### Supplied information
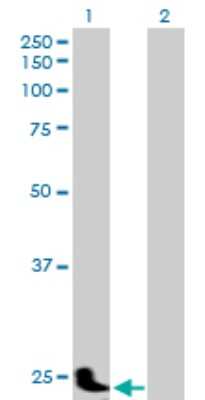 Western Blot: Pregnancy specific beta 1 glycoprotein 11 Antibody [H00005680-B01P]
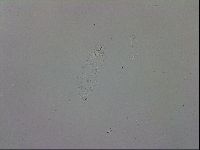 Mesobiotus coronatus image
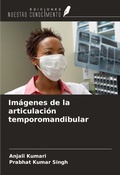 Cover: Im&aacute;genes de la articulaci&oacute;n temporomandibular - Ediciones Nuestro Conocimiento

### Exercise directions
When you copy the listing above, reproduce every line exactly and skip the images.

### Response to this exercise
 Western Blot: Pregnancy specific beta 1 glycoprotein 11 Antibody [H00005680-B01P]
 Mesobiotus coronatus image
 Cover: Im&aacute;genes de la articulaci&oacute;n temporomandibular - Ediciones Nuestro Conocimiento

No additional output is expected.